Calculating percentile | Modeling data distributions | AP Statistics | Khan Academy
The Dot Plot shows the number of hours of daily driving time for 14 school bus drivers. Each dot represents a driver. So, for example, one driver drives one hour a day, two drivers drive two hours a day, one driver drives three hours a day, and it looks like there's five drivers that drive 7 hours a day.
Which of the following is the closest estimate to the percentile rank for the driver with a daily driving time of 6 hours? Then they give us some choices. Which of the following is the closest estimate to the percentile rank for the driver with the daily driving time of 6 hours? So pause the video and see if you can figure out which of these percentiles is the closest estimate to the percentile rank of a driver with a daily driving time of 6 hours, looking at this data right over here.

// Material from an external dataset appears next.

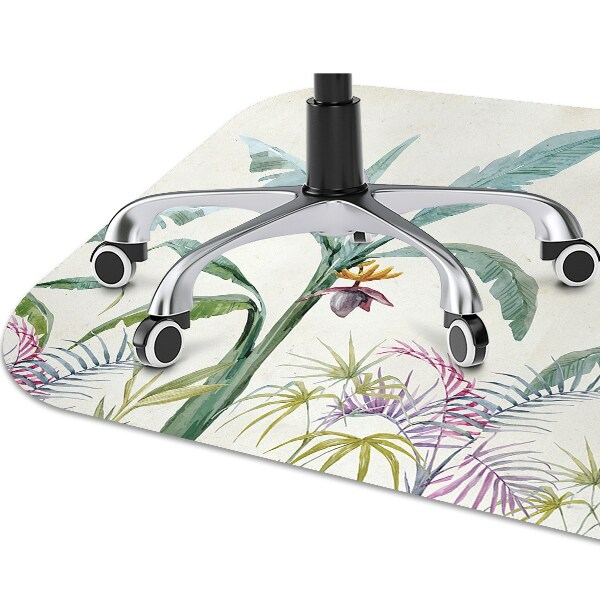 Office chair floor protector jungle vegetation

All right, now let's work through this together. So when you think about percentile, you really want to think about – so let me write this down. When we're talking about percentile, we're really saying the percentage of the data that – and there's actually two ways that you could compute it. One is the percentage of the data that is below the amount in question. The other possibility is the percent of the data that is at or below that amount, the amount in question.
So if we look at this right over here, let's just figure out how many data points – what percentage of the data points are below 6 hours per day? So let's see, there are – I’m just going to count them – 1, 2, 3, 4, 5, 6, 7. So seven of the 14 are below 6 hours.
So we could just say seven. If we use this first technique, we would have seven of the 14 that are below 6 hours per day, and so that would get us a number of 50%. That 6 hours is at the 50th percentile. If we want to say what percentage is at that number below, then we would also count this one. So we would say eight or eight out of 14, which is the same thing as 4 out of 7.
If we want to write that as a decimal, let's see – 7 goes into 4. We just need to estimate. So 7 goes into 45 times – 35. We subtract, we get a five, bring down a zero, goes five times. It's just going to be 0.5 repeating, so 55.55%. So either of these would actually be a legitimate response to the percentile rank for the driver with a daily driving time of 6 hours.
It depends on whether you include the 6 hours or not, so you could say either the 50th percentile or roughly the 55th, actually the 56th percentile if you want it rounded to the nearest percentile. Now if you look at these choices here, lucky for us, there's only one choice that's reasonably close to either one of those, and that's the 55th percentile.
It looks like the people who wrote this question went with the calculation of percentile where they include the data point in question, so everything at 6 hours or less—what percentage of the total data is that?